But I have to admit that having the more popular LD routes go to twice daily, bringing back some of the old pre-Amtrak LD routes (and maybe some new ones) and going to back to high quality, cooked to order meals would be phenomenal! I think the first and third would come close to paying for themselves, but the second one would take a while to even come close to breaking even.



Charles785 said:


> I can't comment on the anti-high speed rail article because I haven't read it.
> 
> But frankly, I'm not convinced of the demand for high-speed rail in general.
> 
> Instead of high speed rail, and as an ardent fan of overnight long-distance conventional rail I would like to see any additional dollars for passenger rail spent in this fashion:
> 1. more frequencies for current LD routes
> 2. additional LD routes (and I'm sure most of us have ideas on just what additional routes)
> 3. elevating the dining car cuisine quality to, say, for example, equal to the Fred Harvey quality of old, along with expanded dining car hours.
> 
> Anyway, I wonder if many more travelers nationwide would be better served by those three ideas rather than so-called high speed rail.


----------



## Qapla

Ziv said:


> I think the first and third would come close to paying for themselves, but the second one would take a while to even come close to breaking even.



Why should it need to "break even" or even "pay for itself" since no one expects the highway system to do either?? Th "profit" comes in the economies the transportation serves - but many want to ignore that aspect of the return and only look at the "bottom line" when it comes to Amtrak while giving a green-light pass to DOT highway projects.


----------



## Ziv

In a perfect world it wouldn't need to break even. But we live in a world where Amtrak has a limited budget. I wish that budget was a bit larger but what I think about Amtrak is not completely in line with what the politicians are going to fund.


Qapla said:


> Why should it need to "break even" or even "pay for itself" since no one expects the highway system to do either?? Th "profit" comes in the economies the transportation serves - but many want to ignore that aspect of the return and only look at the "bottom line" when it comes to Amtrak while giving a green-light pass to DOT highway projects.


----------



## Tlcooper93

Charles785 said:


> I can't comment on the anti-high speed rail article because I haven't read it.
> 
> But frankly, I'm not convinced of the demand for high-speed rail in general.
> 
> Instead of high speed rail, and as an ardent fan of overnight long-distance conventional rail I would like to see any additional dollars for passenger rail spent in this fashion:
> 1. more frequencies for current LD routes
> 2. additional LD routes (and I'm sure most of us have ideas on just what additional routes)
> 3. elevating the dining car cuisine quality to, say, for example, equal to the Fred Harvey quality of old, along with expanded dining car hours.
> 
> Anyway, I wonder if many more travelers nationwide would be better served by those three ideas rather than so-called high speed rail.




I agree with you in principal, but disagree on your solution. Adding LD frequencies will help in specific cases, the only one coming to mind being LSL, but overall, a corridor approach between cities proving higher speed rail service is, in my opinion, a far superior way to expand service.
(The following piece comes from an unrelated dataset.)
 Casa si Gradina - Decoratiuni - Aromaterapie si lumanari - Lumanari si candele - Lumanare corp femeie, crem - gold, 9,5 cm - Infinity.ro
I don’t disagree regarding dining options and service aboard, but let’s first run slightly faster, more frequent and reliable trains between city pairs that desperately need service.

Mass electrification would probably be the best route to go rather than full on HSR. 
The US simply isn’t capable of 220+ In most places (without a Herculean wartime type effort) and we shouldn’t be trying for that. Getting everything to 125 would be more than enough, and certainly pose a formidable challenge anyways.
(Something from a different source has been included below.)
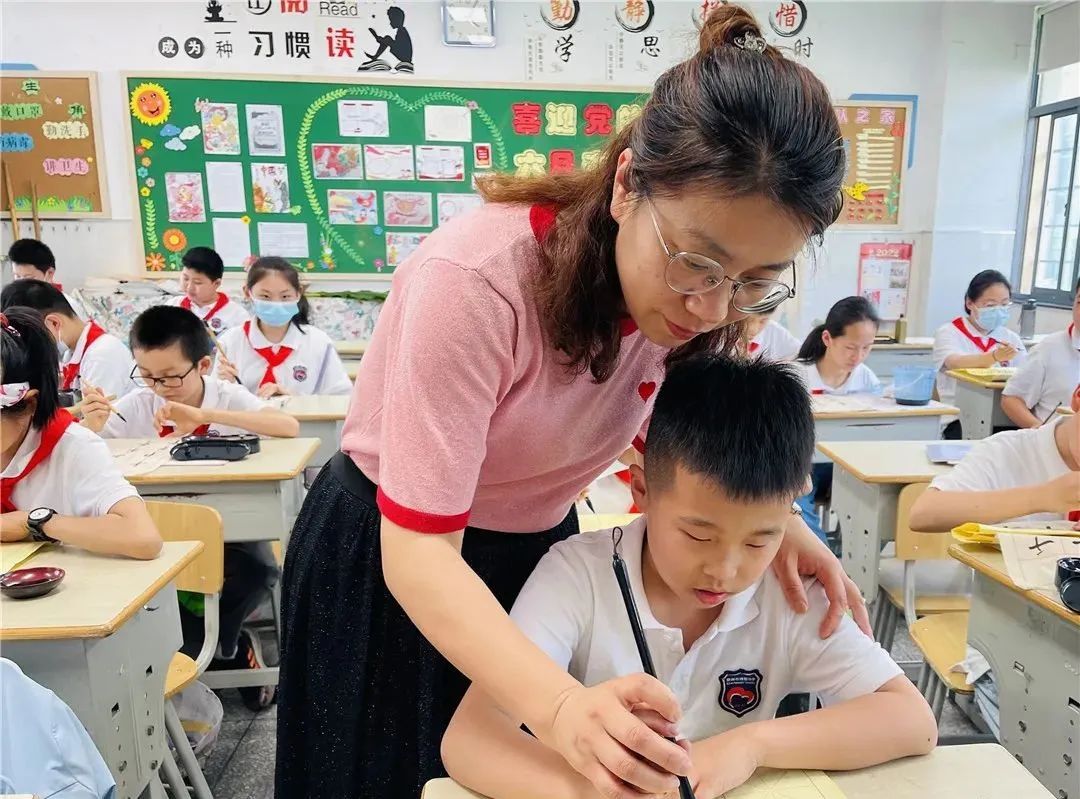 典型服务案例_典型商业贿赂案例_优质服务典型经验案例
Imagine a California Zephyr doing Chicago to Denver is 12 hours. That portion could be electrified, and perhaps would qualify for an additional daytime train. Would be nice...


----------



## MARC Rider

Charles785 said:


> I can't comment on the anti-high speed rail article because I haven't read it.
> 
> But frankly, I'm not convinced of the demand for high-speed rail in general.
> 
> Instead of high speed rail, and as an ardent fan of overnight long-distance conventional rail I would like to see any additional dollars for passenger rail spent in this fashion:
> 1. more frequencies for current LD routes
> 2. additional LD routes (and I'm sure most of us have ideas on just what additional routes)
> 3. elevating the dining car cuisine quality to, say, for example, equal to the Fred Harvey quality of old, along with expanded dining car hours.
> 
> Anyway, I wonder if many more travelers nationwide would be better served by those three ideas rather than so-called high speed rail.


Sorry, but while long distance routes and overnight services are a legitimate part of the country's transportation system and deserve some funding, the real point of massive funding (especially by the government) to improve rail service in this country is to provide an alternative to driving and short-haul airline flights for the bulk of the county's population. And the bulk of the country's population lives in medium to large metropolitan areas. Thus, the top priority for anyone running a national rail system is to grow corridor service that connects these metropolitan areas and focuses on people taking up to 4-5 hour trips at most. High speed rail would allow the distance of the corridor to be increased and would make longer distance trips more competitive with flying in many markets. 

The long distance network is a complement to the corridor service in some cases (like the Lake Shore Limited corridor), where a long distance train can share costs with the corridor service. In other cases, it provides connectivity to rural populations and also helps bring in political support from rural politicians whose constituents really don't need passenger rail as the major part of their total transportation system.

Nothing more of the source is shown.